START The data

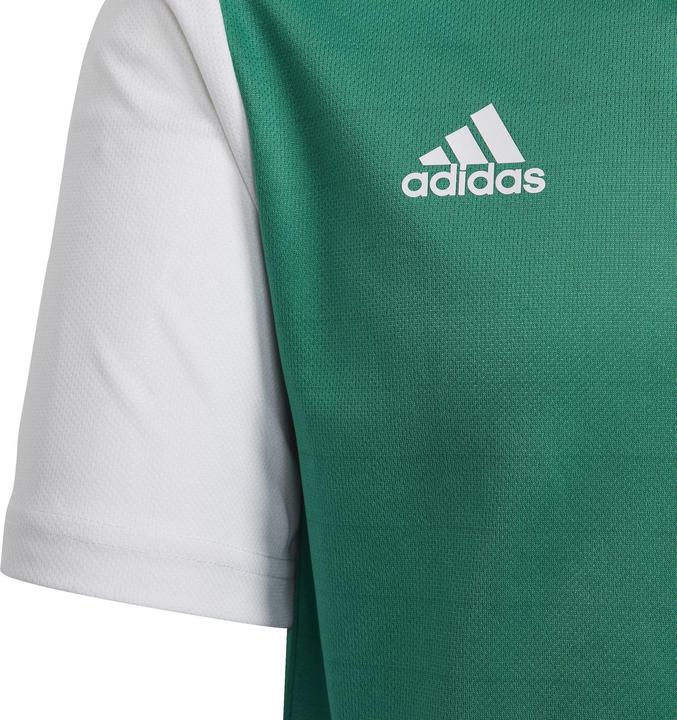 Produktbild adidas Estro 19 Trikot Kinder (164)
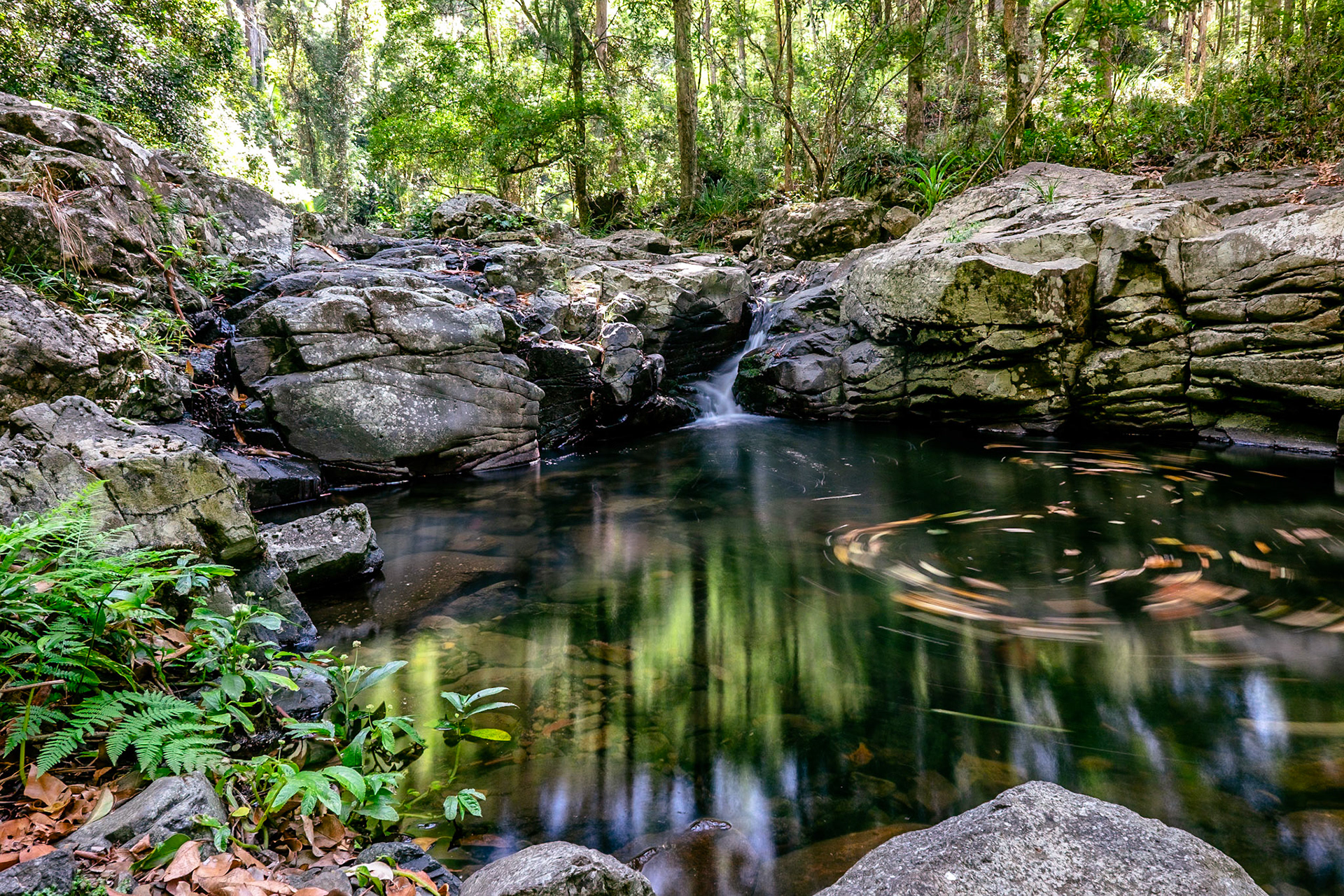 Cascade Circuit QLD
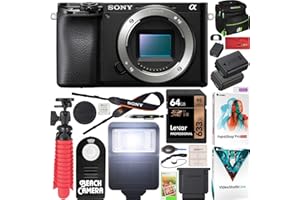 Sony a6100 Mirrorless Camera 4K APS-C Body Only Interchangeable Lens Camera ILCE-6100B with Deco Gear Case + Extra Battery + Flash + Wireless Remote + 64GB Memory Card + Software + Accessories Bundle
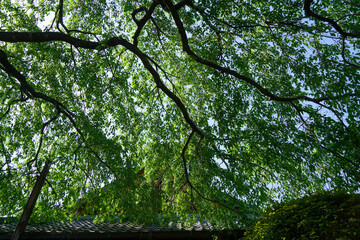 若葉で覆われた枝垂れ桜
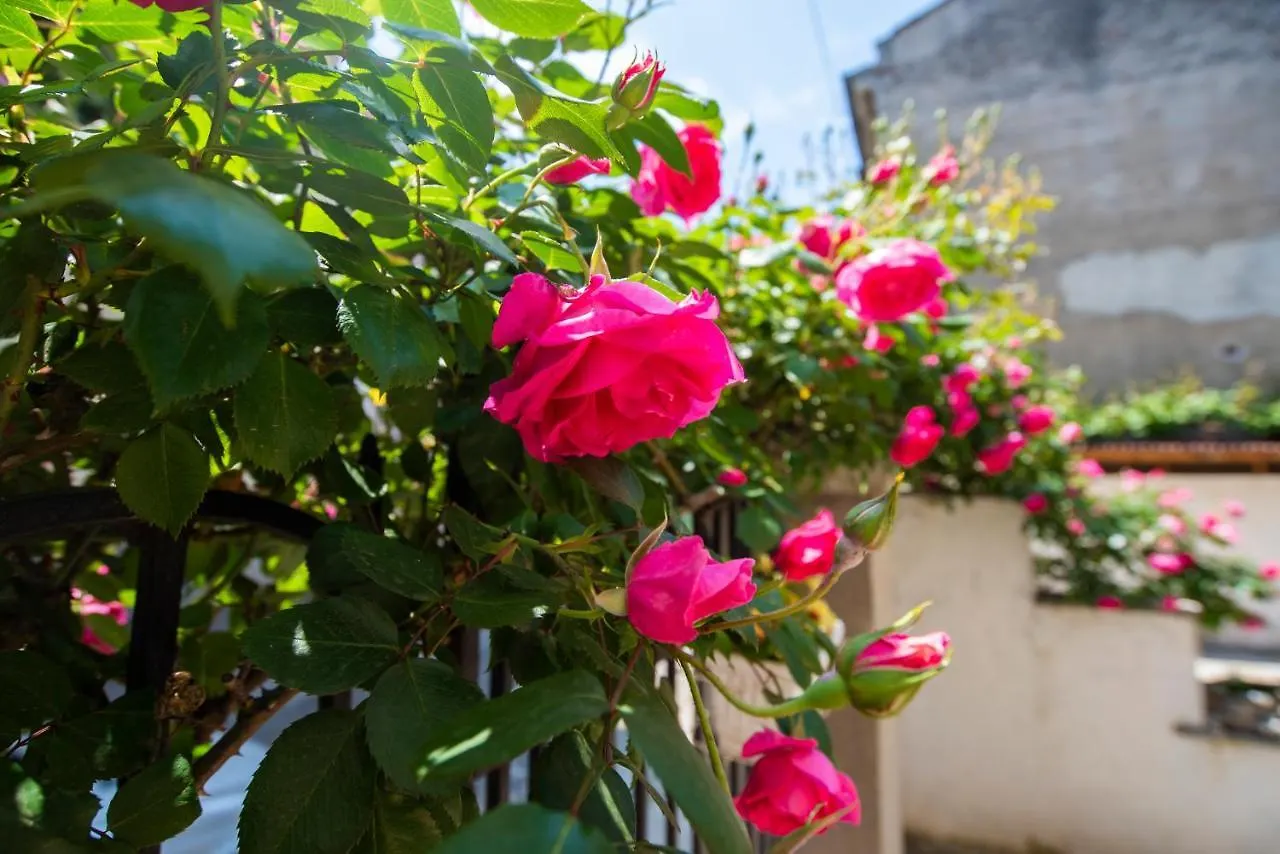 Art Studios Elsor Burgas Guest house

END The data

Action item: Every record above, copied exactly and without a single picture, makes up the answer.

Task response:
 Produktbild adidas Estro 19 Trikot Kinder (164)
 Cascade Circuit QLD
 Sony a6100 Mirrorless Camera 4K APS-C Body Only Interchangeable Lens Camera ILCE-6100B with Deco Gear Case + Extra Battery + Flash + Wireless Remote + 64GB Memory Card + Software + Accessories Bundle
 若葉で覆われた枝垂れ桜
 Art Studios Elsor Burgas Guest house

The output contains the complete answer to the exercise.